YOUR TASK: If a line in the records below contains the word "PHILIPS", copy it.
[[ DATA RECORDS open ]]
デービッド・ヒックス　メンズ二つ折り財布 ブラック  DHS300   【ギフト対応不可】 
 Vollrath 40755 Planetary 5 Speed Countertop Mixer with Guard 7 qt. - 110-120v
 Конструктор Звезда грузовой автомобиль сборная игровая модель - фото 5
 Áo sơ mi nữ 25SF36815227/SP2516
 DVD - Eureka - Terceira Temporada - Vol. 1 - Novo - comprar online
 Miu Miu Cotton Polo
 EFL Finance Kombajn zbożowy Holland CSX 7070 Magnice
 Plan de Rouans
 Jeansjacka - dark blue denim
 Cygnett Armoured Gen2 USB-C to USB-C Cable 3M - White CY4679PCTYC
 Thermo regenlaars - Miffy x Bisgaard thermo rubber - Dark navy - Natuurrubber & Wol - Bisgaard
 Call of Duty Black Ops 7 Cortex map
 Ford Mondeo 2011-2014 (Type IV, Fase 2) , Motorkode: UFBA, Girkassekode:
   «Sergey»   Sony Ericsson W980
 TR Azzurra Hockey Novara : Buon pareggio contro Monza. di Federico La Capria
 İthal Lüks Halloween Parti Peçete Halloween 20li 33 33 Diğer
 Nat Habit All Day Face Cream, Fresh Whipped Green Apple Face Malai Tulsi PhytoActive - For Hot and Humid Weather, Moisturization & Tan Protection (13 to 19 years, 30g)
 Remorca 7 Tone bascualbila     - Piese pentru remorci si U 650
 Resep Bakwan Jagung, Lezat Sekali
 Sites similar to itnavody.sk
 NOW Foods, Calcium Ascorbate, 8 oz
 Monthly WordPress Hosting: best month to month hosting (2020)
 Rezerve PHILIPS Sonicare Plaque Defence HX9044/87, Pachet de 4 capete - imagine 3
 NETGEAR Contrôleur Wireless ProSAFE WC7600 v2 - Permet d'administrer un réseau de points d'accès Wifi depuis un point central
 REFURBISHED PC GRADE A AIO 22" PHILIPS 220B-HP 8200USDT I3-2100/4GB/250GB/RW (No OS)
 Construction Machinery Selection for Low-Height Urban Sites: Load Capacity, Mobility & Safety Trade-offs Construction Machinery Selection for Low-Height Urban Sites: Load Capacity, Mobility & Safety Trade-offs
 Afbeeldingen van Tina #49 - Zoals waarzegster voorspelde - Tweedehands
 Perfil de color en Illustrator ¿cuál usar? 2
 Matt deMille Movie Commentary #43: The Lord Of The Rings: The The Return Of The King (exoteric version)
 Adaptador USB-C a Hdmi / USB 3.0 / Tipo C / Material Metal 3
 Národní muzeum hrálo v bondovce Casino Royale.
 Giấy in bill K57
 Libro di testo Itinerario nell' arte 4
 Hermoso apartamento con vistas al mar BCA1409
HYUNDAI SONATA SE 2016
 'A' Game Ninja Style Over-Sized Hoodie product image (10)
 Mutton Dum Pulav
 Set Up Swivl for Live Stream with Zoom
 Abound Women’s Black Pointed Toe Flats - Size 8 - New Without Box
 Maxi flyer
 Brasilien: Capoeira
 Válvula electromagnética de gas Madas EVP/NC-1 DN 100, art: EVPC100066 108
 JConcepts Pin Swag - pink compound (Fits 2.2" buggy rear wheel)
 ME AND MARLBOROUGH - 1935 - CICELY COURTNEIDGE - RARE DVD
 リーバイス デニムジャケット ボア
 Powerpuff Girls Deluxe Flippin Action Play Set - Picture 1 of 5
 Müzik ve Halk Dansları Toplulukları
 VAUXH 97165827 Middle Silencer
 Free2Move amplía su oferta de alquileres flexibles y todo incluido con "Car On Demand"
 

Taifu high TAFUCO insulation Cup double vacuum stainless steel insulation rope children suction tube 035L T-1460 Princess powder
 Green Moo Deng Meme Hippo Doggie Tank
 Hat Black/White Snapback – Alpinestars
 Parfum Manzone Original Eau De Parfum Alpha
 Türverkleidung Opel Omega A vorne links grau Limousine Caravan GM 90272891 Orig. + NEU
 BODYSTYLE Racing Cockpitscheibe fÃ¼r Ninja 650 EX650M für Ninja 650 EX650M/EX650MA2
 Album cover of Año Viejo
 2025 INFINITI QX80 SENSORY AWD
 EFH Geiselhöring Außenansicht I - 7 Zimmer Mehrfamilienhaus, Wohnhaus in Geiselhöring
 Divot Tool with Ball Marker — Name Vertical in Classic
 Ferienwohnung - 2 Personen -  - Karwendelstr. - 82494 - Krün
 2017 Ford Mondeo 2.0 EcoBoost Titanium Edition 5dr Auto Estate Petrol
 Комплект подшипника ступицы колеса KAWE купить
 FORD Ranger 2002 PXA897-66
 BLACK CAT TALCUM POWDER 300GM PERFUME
[[ DATA RECORDS closed ]]
ANSWER BELOW:
 Rezerve PHILIPS Sonicare Plaque Defence HX9044/87, Pachet de 4 capete - imagine 3
 REFURBISHED PC GRADE A AIO 22" PHILIPS 220B-HP 8200USDT I3-2100/4GB/250GB/RW (No OS)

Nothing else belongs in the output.